É preciso dizer que há maus documentários sobre animais – os da National Geographic, para citar um caso, estão longe de serem todos bons – e há documentários razoáveis que são estragados pela narração. Não me refiro sequer àquela absurda mania de dar nomes próprios aos animais – “a Malika parou com as suas filhas Tuka e Ziga junto a um grupo de antílopes…” -, estou antes a pensar em narrações, como, por exemplo, a de uns bons programas que a SIC passa, que, sem dúvida com as melhores intenções do mundo, adoptam um estilo ternurento, com um sorriso cúmplice a ornar a narração, muito semelhante ao que a Dra. Felisbela Lopes (de quem sou fã) usa para falar dos políticos, esses marotos que, quando dizem uma coisa, o fazem sempre com uma intenção que não revelam e que ela nos explica.  Acho o tom um insulto à dignidade dos animais (embora não dos políticos). Não menos irritante é o estilo que abusa de pathos que apanhei num dvd da National Geographicsobre migrações (um tema apaixonante) que me chegou, por erro meu, em versão francesa. Os animais, a acreditar no narrador, viviam numa angústia perpétua e parecia que tinham saído todos, não da arca de Noé, mas do Ser e tempo de Heidegger. Vi um quarto de hora e parei, deixando o resto das seis horas para quando o PAN me contratar para escrever um tratado sobre o existencialismo animal, um tópico essencial que representa infelizmente uma lacuna gritante no seu actual programa.

Felizmente, há muito bons documentários. Há um, da BBC, sobre o parque natural de Yellowstone que é uma obra-prima absoluta, escrita e ilustrada na perfeição. E há as maravilhas inacreditáveis que são quase todos os documentários feitos ou narrados pelo meu velho amigo David Attenborough. Ainda esta semana vi a história de uma aranha de Madagáscar, do tamanho de uma unha, que produz e lança um fio de seda de 25 metros sobre um rio, que se prende a uma árvore na outra extremidade e que ela atravessa em seguida até ao meio, para aí construir a sua teia, onde apanha os insectos que, justamente, só por aí passam. E, já agora, também a obra de um peixe japonês que constrói, com as barbatanas, uma fantástica escultura na areia para atrair a fêmea. Os programas de Attenborough são fabulosamente filmados, o som dos animais perfeitamente captado, e a narração formidavelmente inteligente e, sem uma falha, no tom certo.

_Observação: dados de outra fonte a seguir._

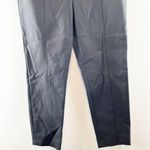 Tory Burch  High Rise Straight Leg Ankle Trouser Dress Pants Black 14 Photo 7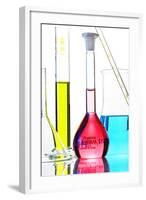 Chemistry Glass-ware-Sigrid Gombert-Framed Premium Photographic Print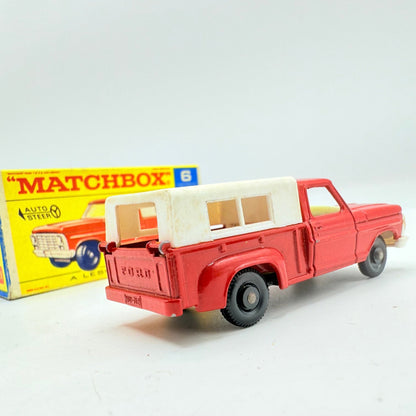 Matchbox Lesney 6d Red Ford Pick - Up Truck White Grill - Magic Matchbox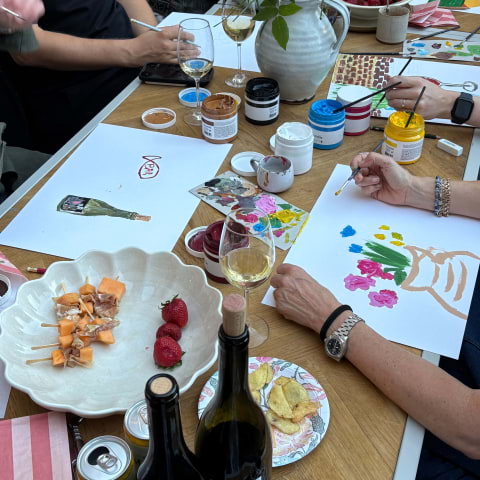 Sip'n'paint p&aring; Grandpa i G&ouml;teborg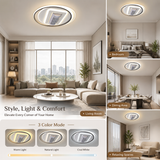 Chevy LED Smart Voice Assist Fan Chandelier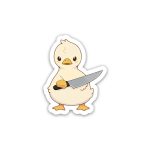 Duck  knief white- Sticker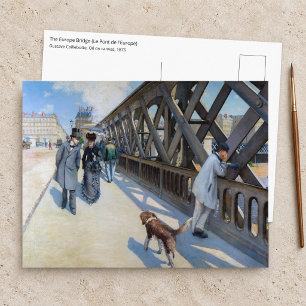 Gustave Caillebotte - Die Europa-Brücke Postkarte
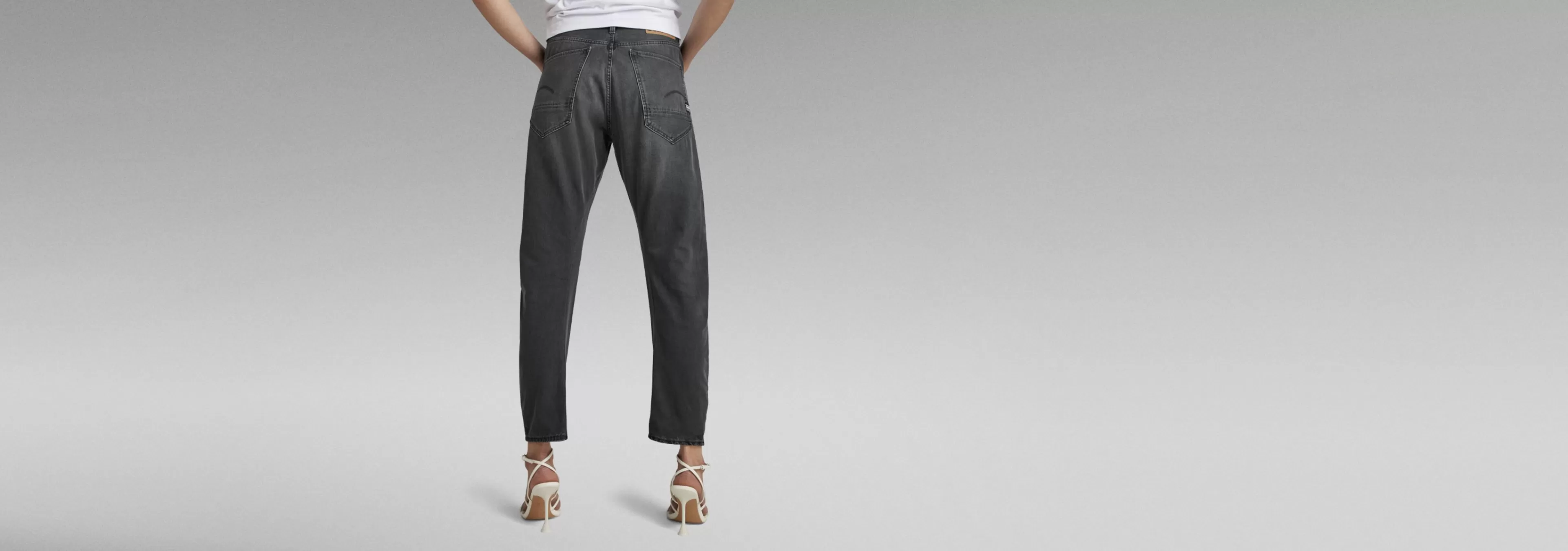 Shop G-Star Arc 3D Boyfriend Jeans faded blade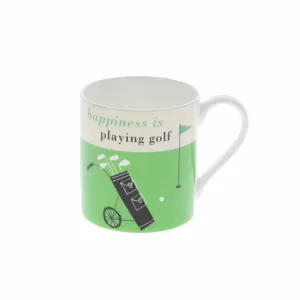 Happiness is Playing Golf Mug, Green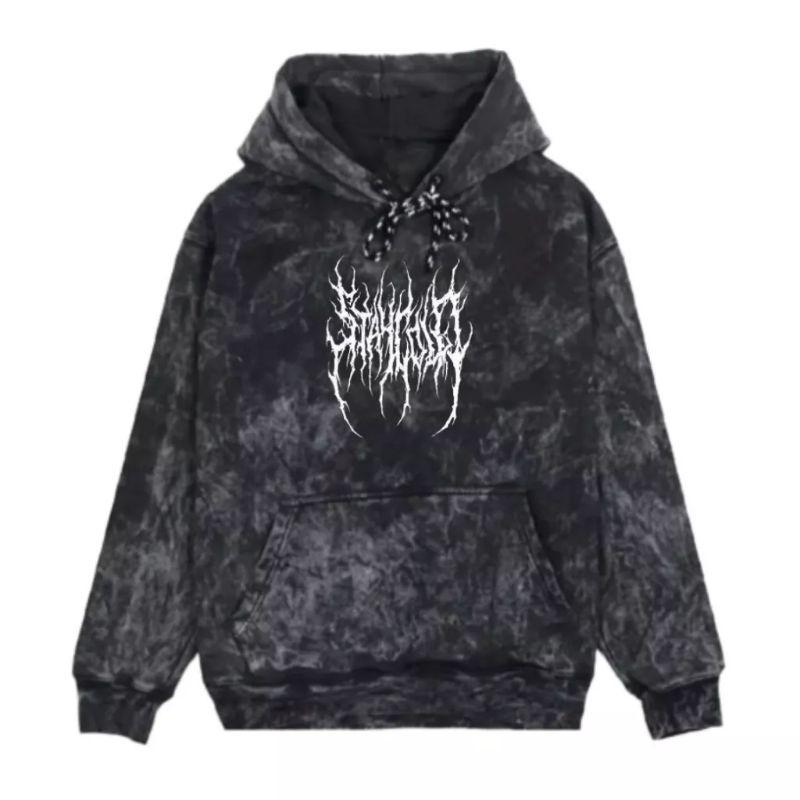 Hoodie Pria- Jaket Sweater Pria Washing Font STARLIGHT - Hoodie Pria Distro Tebal- Sweater Hoodie Ti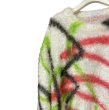 画像2: 【2月28日まで期間限定30%OFF】TENDER PERSON　MONSTERN PAINTING KNIT PULLOVER　GREEN×RED (2)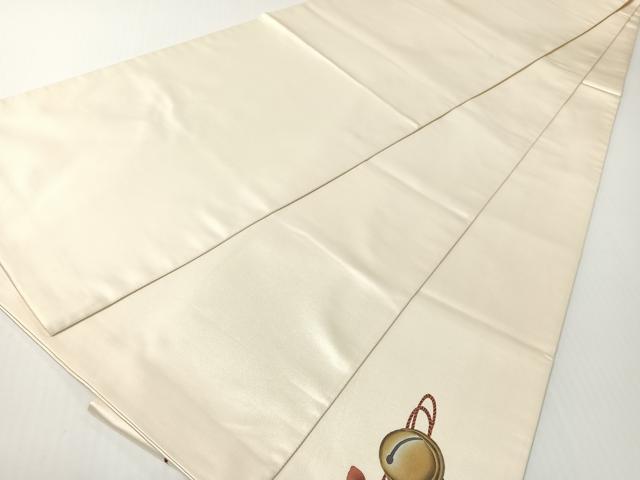 平和屋着物●太鼓柄袋帯　作家物　手描き　猫　正絹　逸品　CABG1723vp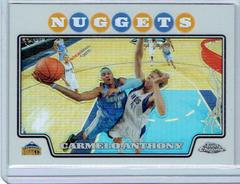 Carmelo Anthony [Refractor] Basketball Cards 2008 Topps Chrome Prices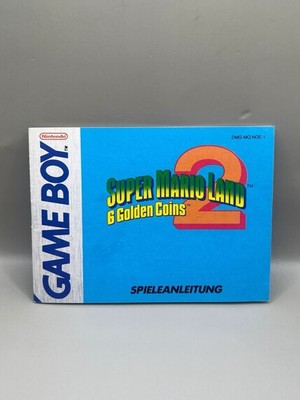 Super Mario Land 2 (Nintendo Gameboy ) NUR Anleitung - Deutsch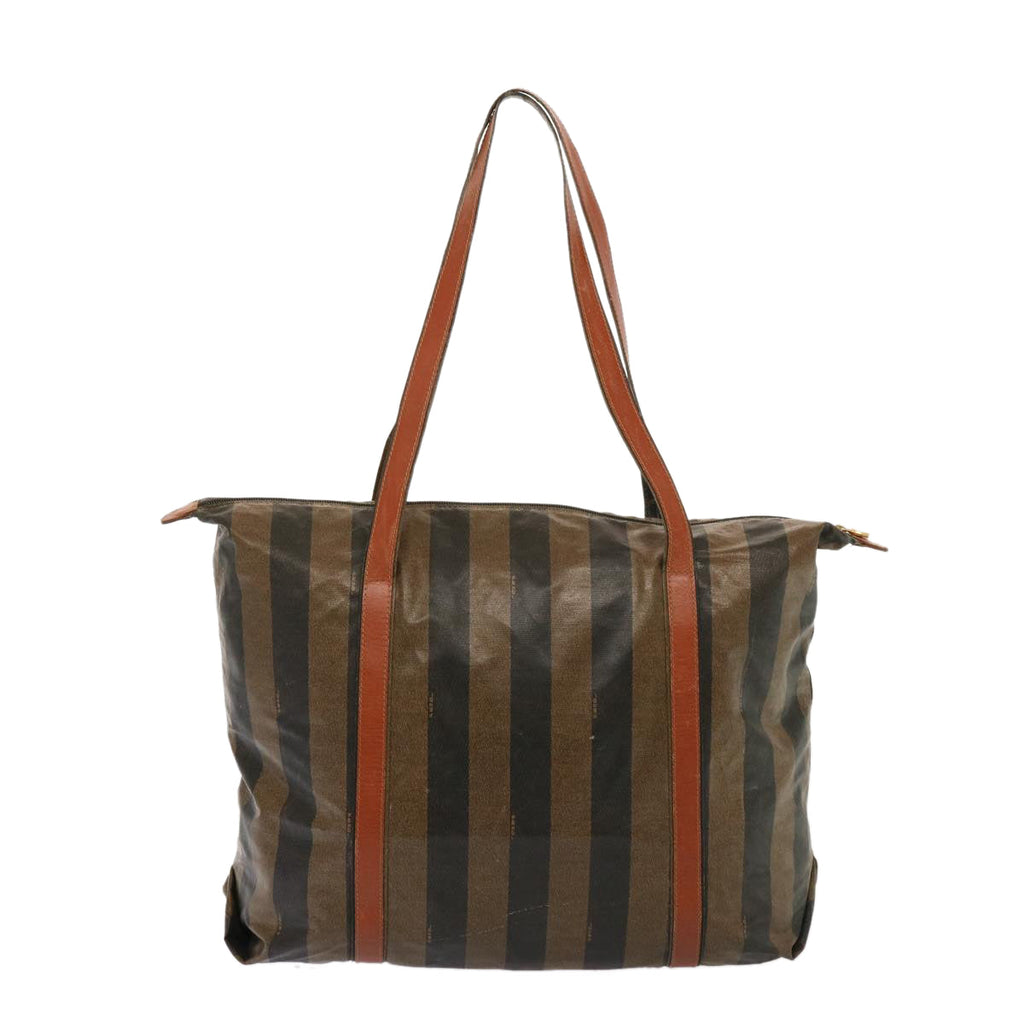 FENDI Pecan Canvas Tote Bag Brown Blackbs14250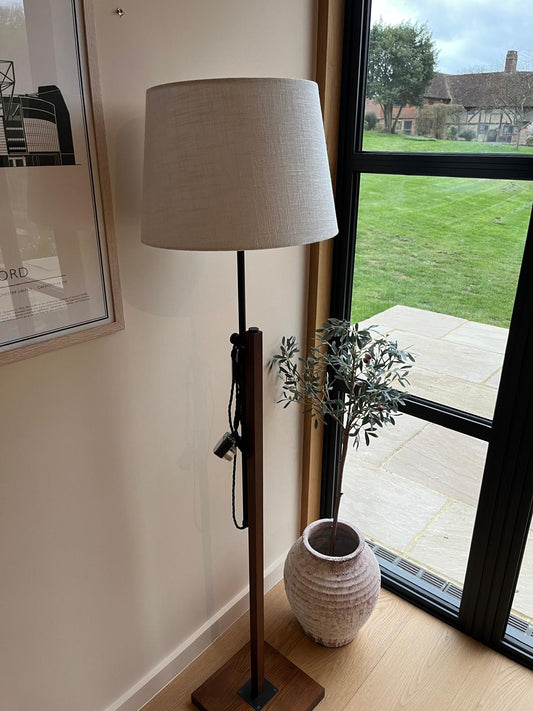 Standing Lamp with Cream Shade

Não se vê aquilo para aprender nada (embora se aprenda), vê-se apenas para se ficar maravilhado, mergulhado numa incredulidade que, paradoxalmente, satisfaz o espírito.

Essa satisfação vem certamente da extraordinária diversidade animal, da imensa profusão de cores, formas e seres que observamos e à beleza da qual somos sensíveis. E vem, ao mesmo tempo, da perpétua redescoberta do sentimento da unidade da vida e da afinidade que nos liga, no comportamento e por vezes nas formas, a todos esses seres. Somos em muito a eles semelhantes, no próprio desejo da vida que neles descobrimos de forma indisfarçada e ostensiva (e é por isso que achar-lhes uma graça ternurenta é, no mínimo, falhar o alvo). Mas isso não basta para o maravilhamento. É preciso que igualmente experimentemos a irredutibilidade da sua existência ao nosso modo de ser. Um filósofo perguntou-se um dia “como é ser um morcego?”. A resposta dele é que não podemos saber (ele quer ir muito mais longe do que esta simples resposta, mas isso não vem ao caso para aqui). A estranheza, fonte de beleza e de prazer, que os animais nos provocam, é como que esta pergunta mil vezes magnificada: como é que é ser um animal distinto de nós? Como é, por exemplo, ser um urso polar que longamente olha o céu? O que é que ele vê? Como é que ele existe?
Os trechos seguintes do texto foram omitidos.